Repeat precisely the span of lines below that opens with the line containing "Tahe Outdoors Planche" and closes with the line containing "EMERY ROSE Women's", both included.

MATERIAL FOR THIS EXERCISE:
####################

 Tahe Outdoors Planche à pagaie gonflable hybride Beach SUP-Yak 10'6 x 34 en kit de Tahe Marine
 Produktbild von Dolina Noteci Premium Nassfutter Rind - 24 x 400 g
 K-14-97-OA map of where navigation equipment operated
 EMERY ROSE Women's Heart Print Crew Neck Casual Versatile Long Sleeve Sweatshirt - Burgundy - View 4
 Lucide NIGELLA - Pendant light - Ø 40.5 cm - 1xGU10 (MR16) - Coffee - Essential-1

####################

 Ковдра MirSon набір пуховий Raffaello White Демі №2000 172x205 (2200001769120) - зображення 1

####################

ANSWER BELOW:
 Tahe Outdoors Planche à pagaie gonflable hybride Beach SUP-Yak 10'6 x 34 en kit de Tahe Marine
 Produktbild von Dolina Noteci Premium Nassfutter Rind - 24 x 400 g
 K-14-97-OA map of where navigation equipment operated
 EMERY ROSE Women's Heart Print Crew Neck Casual Versatile Long Sleeve Sweatshirt - Burgundy - View 4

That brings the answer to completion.